Why the Strait of Hormuz matters so much in the Iran war
Why the Strait of Hormuz matters so much in the Iran war
Strategic Importance and Trade Volumes
The Strait of Hormuz, a narrow waterway connecting the Gulf to the Arabian Sea, plays a pivotal role in global energy supply. Positioned between Iran to the north and Oman, along with the United Arab Emirates (UAE), to the south, it measures approximately 50km wide at its entry and exit points, narrowing to around 33km at its most constricted section. This passage is critical for the movement of oil and liquefied natural gas (LNG), with roughly 20% of the world’s crude oil and LNG typically transiting through it. During periods of tension, the strait became a focal point for geopolitical conflict, as Iran’s actions disrupted shipping and caused a sharp rise in fuel costs.
As of early April, the U.S. and Iran had secured a temporary truce, contingent on ensuring “safe passage” through the strait. This agreement followed a period of hostilities that began on 28 February, when the U.S. and Israel launched an attack on Iran. The resulting blockage of the waterway, which is deep enough for the largest oil tankers, had a significant economic impact, with global fuel prices spiking. However, the ceasefire led to a 15% drop in oil prices, easing some of the immediate strain on markets.
Threats and Maritime Activity
During the conflict, Iran’s military capabilities—such as drones, missiles, and fast attack boats—posed a serious risk to commercial vessels navigating the strait. At its narrowest point, the waterway lies entirely within the territorial seas of Iran and Oman, extending up to 12 nautical miles from their coasts. This meant ships could be targeted without clear international boundaries. According to United Against Nuclear Iran, at least 24 commercial vessels were damaged, along with three near misses, by mid-April.
“You can be attacked, and you can’t get insurance or it is extremely expensive,” said Arne Lohmann Rasmussen, chief analyst at Global Risk Management, during the period of instability.
The strait also serves as a vital artery for fertiliser exports, with one-third of the world’s trade passing through it. Additionally, it is a key route for importing essential goods like food, medicines, and technology to the Middle East. Normally, around 3,000 ships traverse the waterway monthly, but this number dropped sharply during hostilities.
Regional and Global Impacts
Disruptions in the strait affected not only the Gulf states but also distant regions.
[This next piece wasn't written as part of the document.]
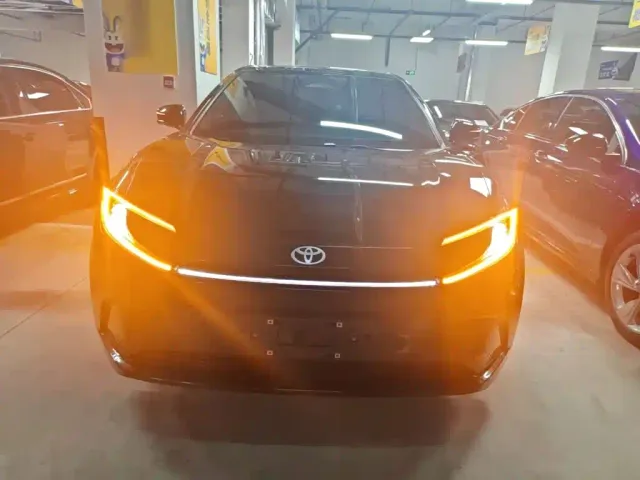 Toyota bZ5 — Фото автомобиля 2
China, for instance, accounted for nearly 90% of Iran’s oil exports, making it particularly vulnerable to supply interruptions. In Asia, the fuel shortage led to measures like shortened workweeks and early university closures. In Africa, South Sudan and Mauritius implemented electricity rationing, while Slovenia became the first EU nation to enforce fuel restrictions in Europe.
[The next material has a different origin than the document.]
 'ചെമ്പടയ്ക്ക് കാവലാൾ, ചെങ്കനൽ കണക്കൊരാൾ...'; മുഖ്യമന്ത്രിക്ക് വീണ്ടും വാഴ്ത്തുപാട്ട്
Historically, the strait has been a battleground. During the Iran-Iraq war in the late 1980s, strikes on oil facilities escalated into a “tanker war,” with both sides attacking neutral ships to gain economic leverage. Kuwaiti tankers transporting Iraqi oil were especially targeted. Today, the U.S. has avoided deploying warships to the strait, focusing instead on air strikes against Iranian anti-ship missile sites. Despite President Trump’s earlier call for allies and China to assist in securing the passage, his request received limited support, and he later claimed the U.S. could act independently.
Energy Dependence and Economic Significance
Many Gulf nations, including Iran, rely heavily on energy exports for economic stability. The strait’s closure during the conflict threatened their revenue streams, as well as those of international buyers. In 2025, the U.S. Energy Information Administration estimated that 20 million barrels of oil and products flowed through the strait daily, valued at nearly $600bn annually. This includes shipments from Iran, Iraq, Kuwait, Qatar, Saudi Arabia, and the UAE, with Qatar and the UAE accounting for a substantial share of LNG exports.
While the ceasefire has restored some normalcy, the strait remains a symbol of the delicate balance between energy security and geopolitical tensions. Its strategic role continues to draw attention, as any disruption could once again send shockwaves through global markets.